Tuesday, October 25, 2011

I Miss Gary Dobbins


In 1967 I attempted to start a rhythm and blues band, horns, keyboards, backup singers, the whole deal. Nobody ever showed up for practice. I finally took the three drummers, had one teach another one to play guitar, I played bass and we started a hillbilly band instead, Your Local Bear. Talk about your mothers and your inventions! I loved that band. Nobody else did. We played on a bill with Jimi Hendrix and I thought we should change the world.

That band eventually morphed into Duckbutter. I was sure that this one was gonna change the world. Save it, too. Oh well.

Sunday, October 23, 2011

Predicto and Mr. E

If I write my future in my songs, can't I just take the new ones and see what's coming? If I stop writing sad songs will my life get brighter? What if I stop writing altogether?

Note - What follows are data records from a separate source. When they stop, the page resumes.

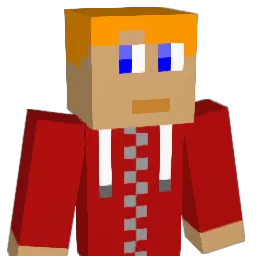 erfinder99 Minecraft avatar bust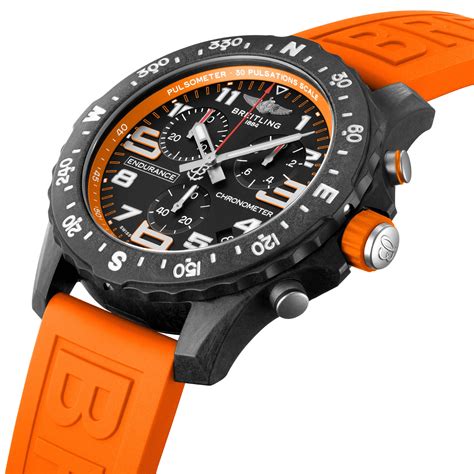 orange breitling strap|genuine Breitling watch straps uk.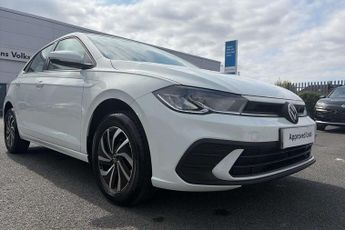 Volkswagen Polo 1.0 TSI Life 5dr DSG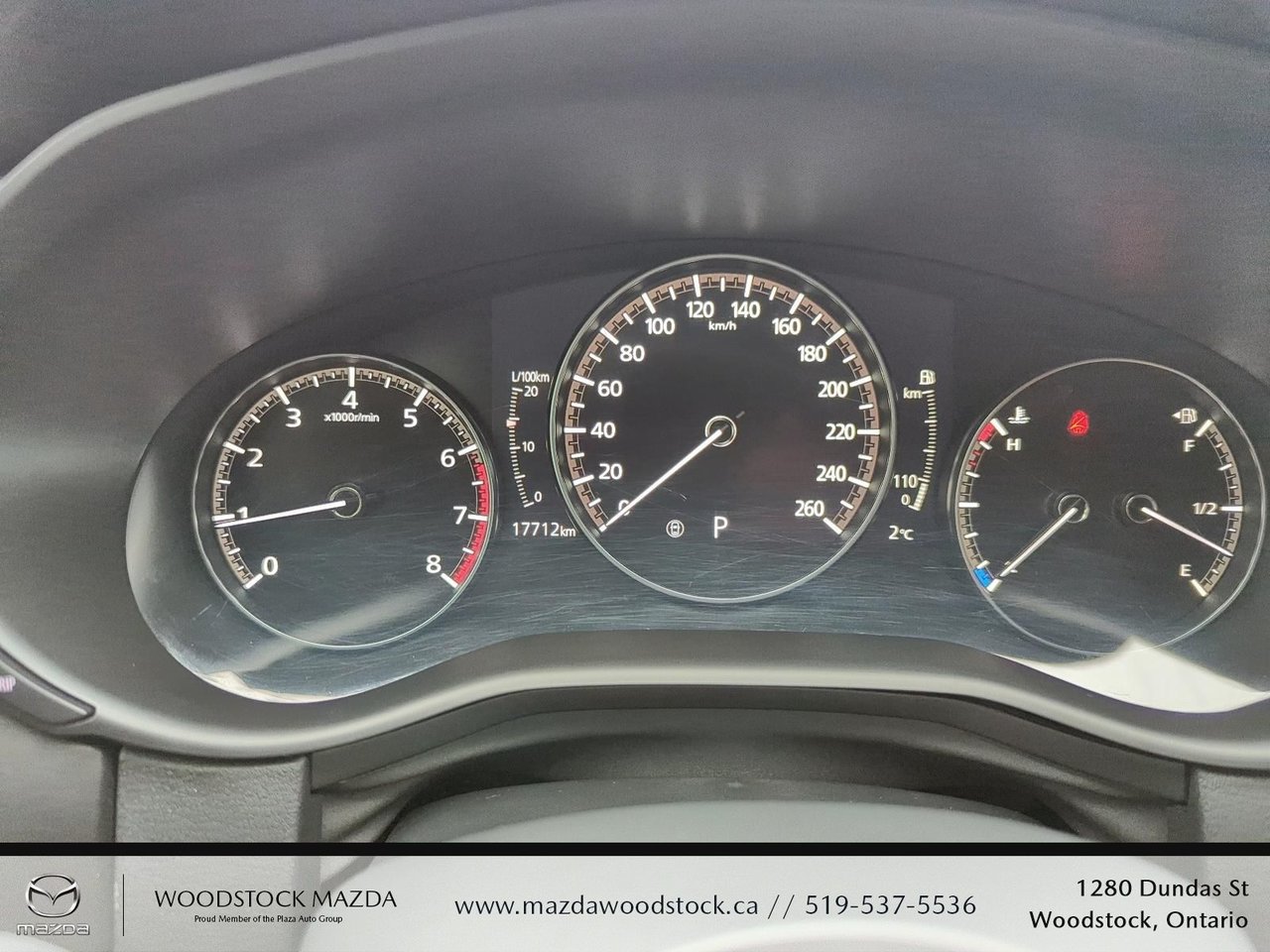 2025 Mazda CX-50 Meridian Edition-12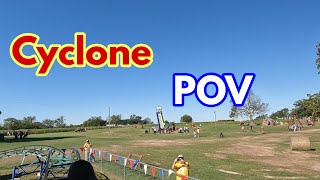 Cyclone POV P-6 Farms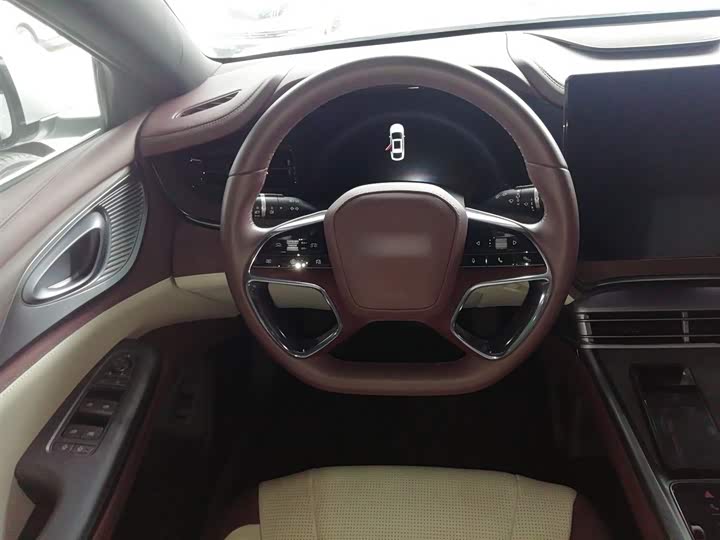 Фото 11 - BYD Seal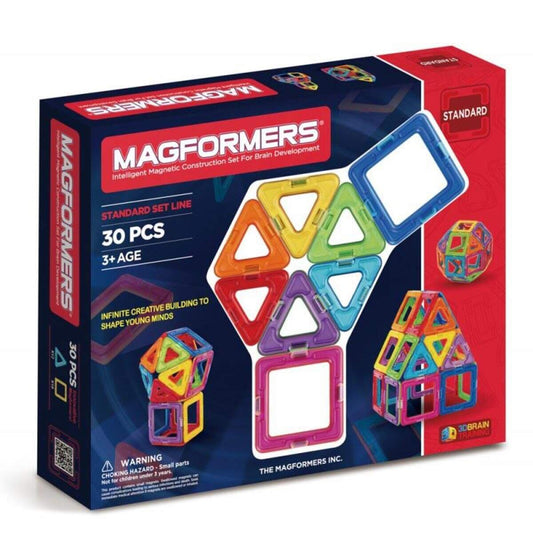 Magformers 30 Teile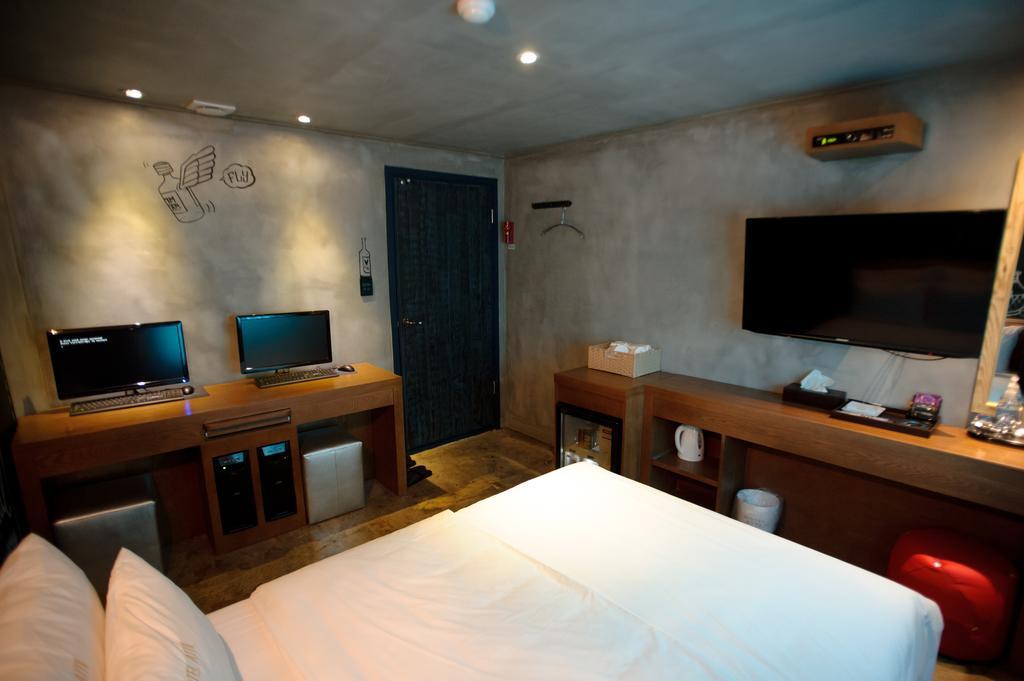 Atti Guesthouse Seul Exterior foto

I've always been fascinated with the mentalists of the '20's and '30's. You see photographs of them at the beginning of their careers and they usually appear bright eyed and youthful like the upstarts starting out in movies or the music business. Often they would shave their hair into a widow's peak to appear mysterious and weird. Cigarette smoke always seemed to add an element of sophistication to a promotional photo or a poster. Frequently these guys seem to have morphed into the real deal. Those lines in their brows didn't need to be touched up as the really good ones worked their way up in the business. Lots of them ended up taking their own lives. You read of the ones who decided that maybe they really could catch a bullet in their teeth and decided to try it.

It has taken me a long, long time to figure out that I only want to be with the ones who love, love, love. They are truly the ones who light up the night like a cigarette. You can't get your heart broken if you don't love, but if you don't love what's the point?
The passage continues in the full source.